Late one night, exploring her father's library, a young woman finds an ancient book and a cache of yellowing letters. The letters are all addressed to "My dear and unfortunate successor," and they plunge her into a world she never dreamed of-a labyrinth where the secrets of her father's past and her mother's mysterious fate connect to an inconceivable evil hidden in the depths of history.
The letters provide links to one of the darkest powers that humanity has ever known-and to a centuries-long quest to find the source of that darkness and wipe it out. It is a quest for the truth about Vlad the Impaler, the medieval ruler whose barbarous reign formed the basis of the legend of Dracula. Generations of historians have risked their reputations, their sanity, and even their lives to learn the truth about Vlad the Impaler and Dracula. Now one young woman must decide whether to take up this quest herself-to follow her father in a hunt that nearly brought him to ruin years ago, when he was a vibrant young scholar and her mother was still alive.
What does the legend of Vlad the Impaler have to do with the modern world? Is it possible that the Dracula of myth truly existed-and that he has lived on, century after century, pursuing his own unknowable ends? The answers to these questions cross time and borders, as first the father and then the daughter search for clues, from dusty Ivy League libraries to Istanbul, Budapest, and the depths of Eastern Europe. In city after city, in monasteries and archives, in letters and in secret conversations, the horrible truth emerges about Vlad the Impaler's dark reign-and about a time-defying pact that may have kept his awful work alive down through the ages.

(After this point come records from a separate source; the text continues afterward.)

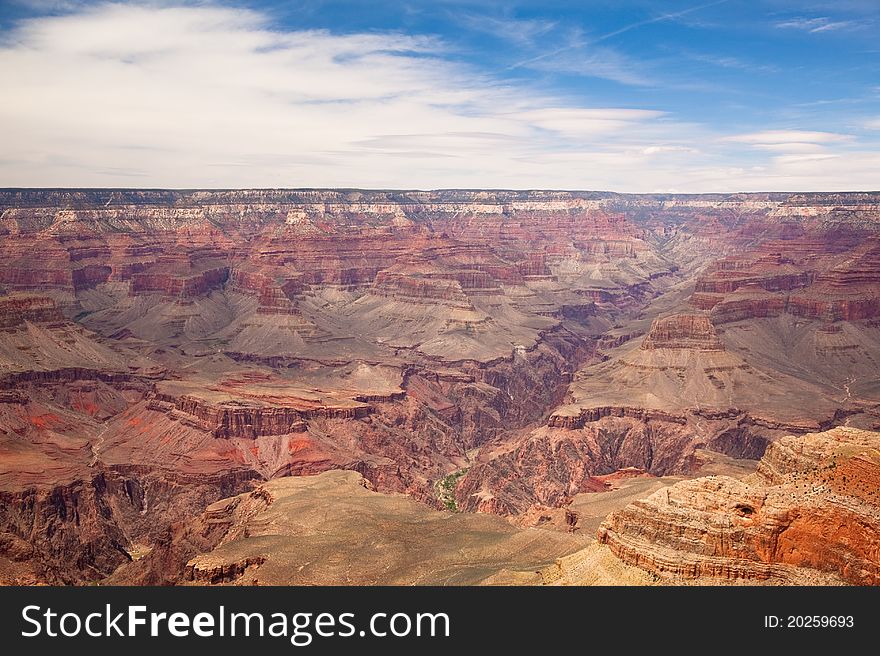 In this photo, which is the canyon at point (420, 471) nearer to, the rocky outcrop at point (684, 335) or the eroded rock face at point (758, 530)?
the eroded rock face at point (758, 530)

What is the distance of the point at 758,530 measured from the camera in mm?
54281

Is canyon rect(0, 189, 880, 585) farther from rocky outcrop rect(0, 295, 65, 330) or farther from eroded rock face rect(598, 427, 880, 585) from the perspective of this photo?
rocky outcrop rect(0, 295, 65, 330)

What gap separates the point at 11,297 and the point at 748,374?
167m

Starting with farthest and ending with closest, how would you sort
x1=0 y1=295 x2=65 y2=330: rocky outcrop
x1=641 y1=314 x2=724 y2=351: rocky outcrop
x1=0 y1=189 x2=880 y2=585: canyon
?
x1=641 y1=314 x2=724 y2=351: rocky outcrop → x1=0 y1=295 x2=65 y2=330: rocky outcrop → x1=0 y1=189 x2=880 y2=585: canyon

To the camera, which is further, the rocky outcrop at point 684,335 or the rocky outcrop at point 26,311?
the rocky outcrop at point 684,335

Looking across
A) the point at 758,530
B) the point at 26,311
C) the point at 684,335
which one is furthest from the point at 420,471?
the point at 758,530

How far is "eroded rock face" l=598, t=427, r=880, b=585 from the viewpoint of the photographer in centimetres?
5288

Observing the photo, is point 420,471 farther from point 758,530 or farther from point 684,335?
point 758,530

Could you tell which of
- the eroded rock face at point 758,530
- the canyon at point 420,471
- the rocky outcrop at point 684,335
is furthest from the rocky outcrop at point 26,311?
the eroded rock face at point 758,530

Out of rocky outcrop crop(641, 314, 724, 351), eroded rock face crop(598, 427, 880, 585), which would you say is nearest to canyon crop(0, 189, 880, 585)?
eroded rock face crop(598, 427, 880, 585)

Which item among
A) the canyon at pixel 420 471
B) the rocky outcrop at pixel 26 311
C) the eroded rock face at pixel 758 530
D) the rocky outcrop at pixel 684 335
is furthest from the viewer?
the rocky outcrop at pixel 684 335

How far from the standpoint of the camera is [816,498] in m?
55.8

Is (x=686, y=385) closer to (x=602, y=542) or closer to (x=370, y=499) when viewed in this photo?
(x=370, y=499)

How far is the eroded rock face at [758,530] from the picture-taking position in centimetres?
5288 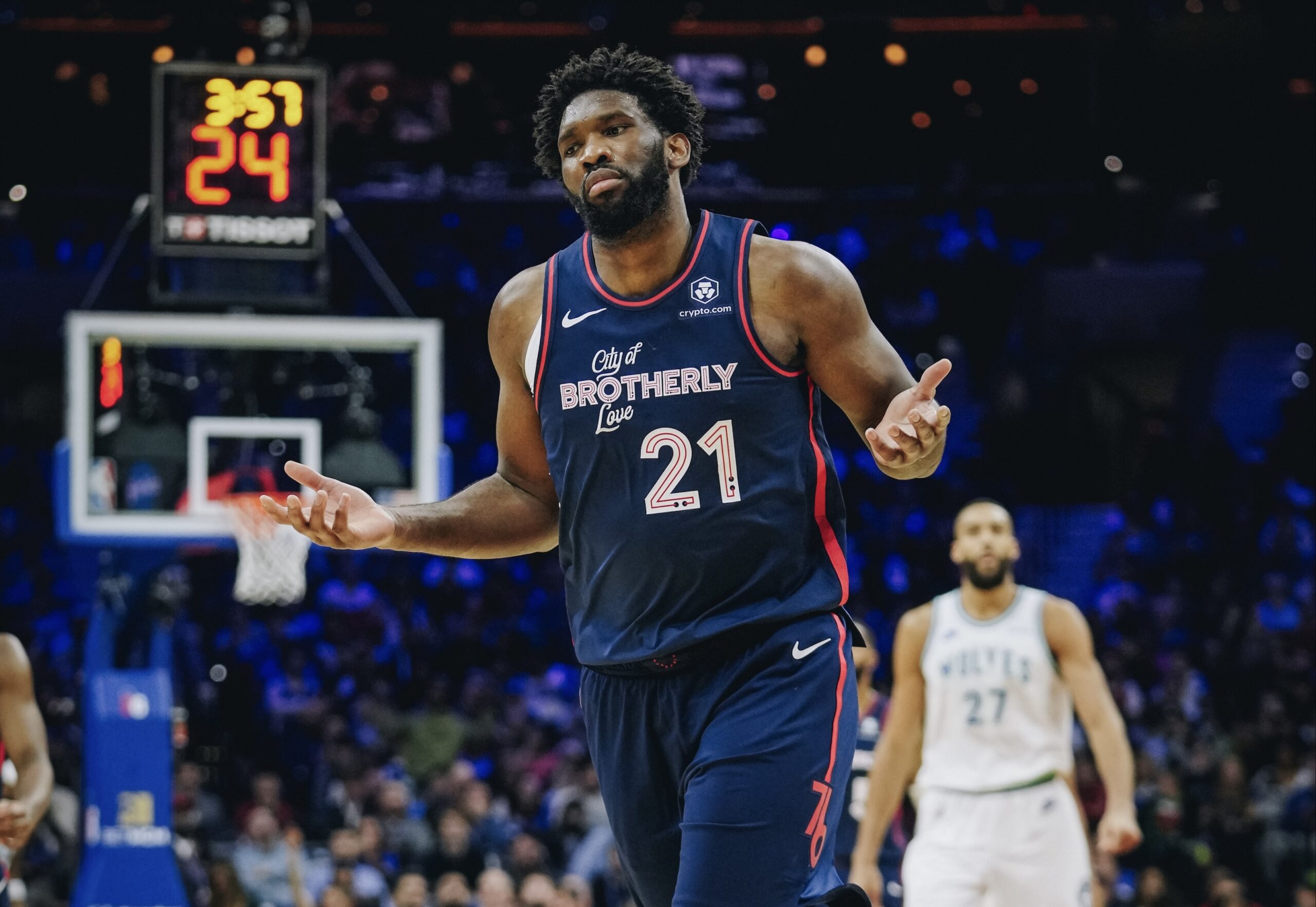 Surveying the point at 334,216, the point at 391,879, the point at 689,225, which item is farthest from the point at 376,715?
the point at 689,225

Parsing obscure signs and hidden texts, reading codes worked into the fabric of medieval monastic traditions-and evading the unknown adversaries who will go to any lengths to conceal and protect Vlad's ancient powers-one woman comes ever closer to the secret of her own past and a confrontation with the very definition of evil. Elizabeth Kostova's debut novel is an adventure of monumental proportions, a relentless tale that blends fact and fantasy, history and the present, with an assurance that is almost unbearably suspenseful-and utterly unforgettable.
Amazon.com Review
If your pulse flutters at the thought of castle ruins and descents into crypts by moonlight, you will savor every creepy page of Elizabeth Kostova's long but beautifully structured thriller The Historian. The story opens in Amsterdam in 1972, when a teenage girl discovers a medieval book and a cache of yellowed letters in her diplomat father's library. The pages of the book are empty except for a woodcut of a dragon. The letters are addressed to: "My dear and unfortunate successor." When the girl confronts her father, he reluctantly confesses an unsettling story: his involvement, twenty years earlier, in a search for his graduate school mentor, who disappeared from his office only moments after confiding to Paul his certainty that Dracula-Vlad the Impaler, an inventively cruel ruler of Wallachia in the mid-15th century-was still alive. The story turns out to concern our narrator directly because Paul's collaborator in the search was a fellow student named Helen Rossi (the unacknowledged daughter of his mentor) and our narrator's long-dead mother, about whom she knows almost nothing. And then her father, leaving just a note, disappears also.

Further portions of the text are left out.